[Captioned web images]
- - - - -
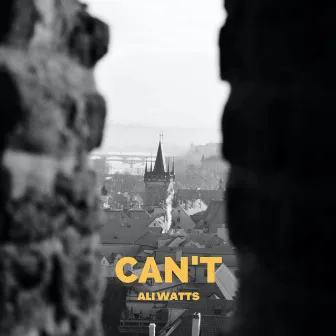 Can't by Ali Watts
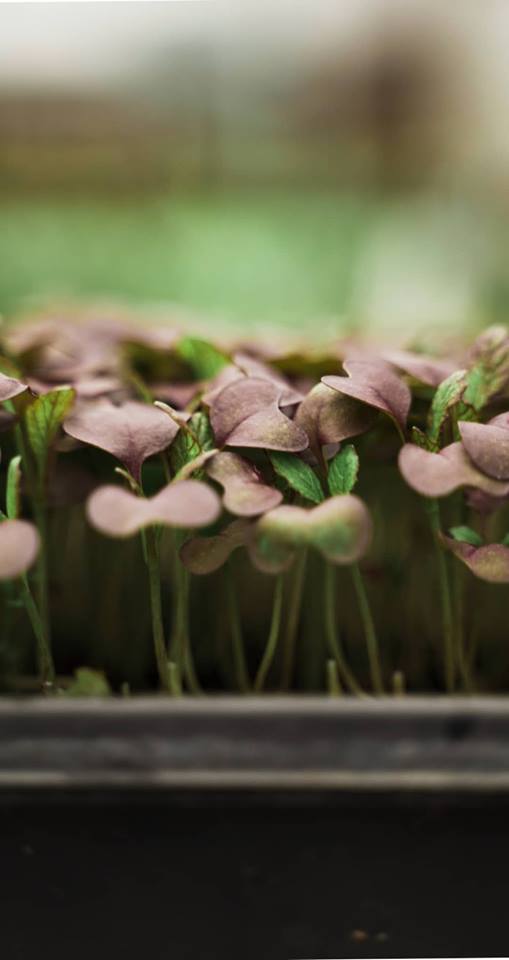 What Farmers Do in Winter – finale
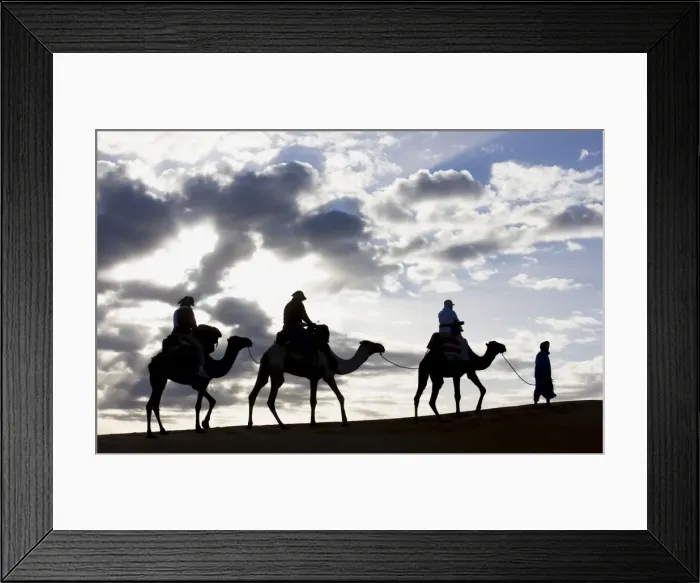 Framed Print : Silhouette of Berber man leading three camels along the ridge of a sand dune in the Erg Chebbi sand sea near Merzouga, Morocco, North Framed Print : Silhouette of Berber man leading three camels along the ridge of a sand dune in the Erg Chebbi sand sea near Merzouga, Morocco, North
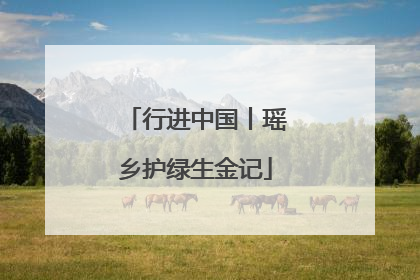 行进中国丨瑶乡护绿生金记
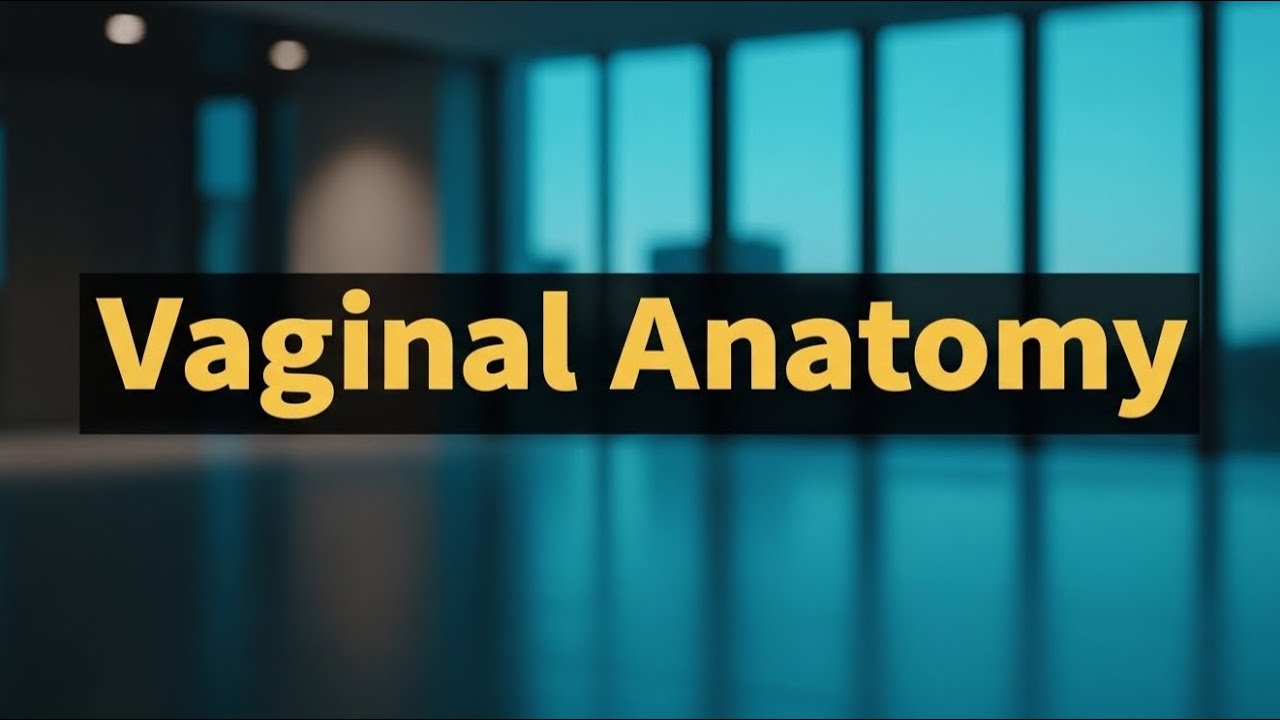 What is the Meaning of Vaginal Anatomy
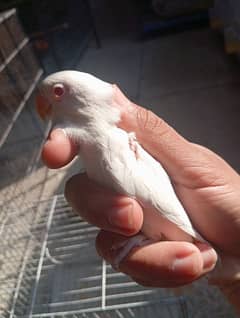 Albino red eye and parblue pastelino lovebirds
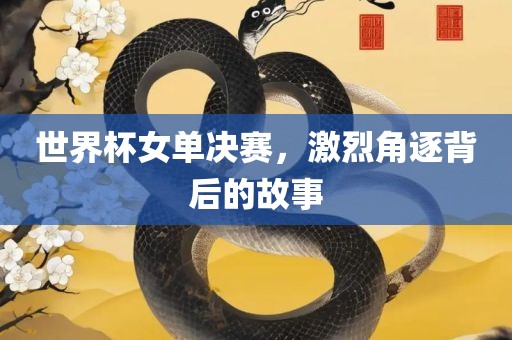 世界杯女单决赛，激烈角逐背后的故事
- - - - -
**ASSIGNMENT:**
Omit every image. Quote each record exactly.

**TASK SOLUTION:**
 Can't by Ali Watts
 What Farmers Do in Winter – finale
 Framed Print : Silhouette of Berber man leading three camels along the ridge of a sand dune in the Erg Chebbi sand sea near Merzouga, Morocco, North Framed Print : Silhouette of Berber man leading three camels along the ridge of a sand dune in the Erg Chebbi sand sea near Merzouga, Morocco, North
 行进中国丨瑶乡护绿生金记
 What is the Meaning of Vaginal Anatomy
 Albino red eye and parblue pastelino lovebirds
 世界杯女单决赛，激烈角逐背后的故事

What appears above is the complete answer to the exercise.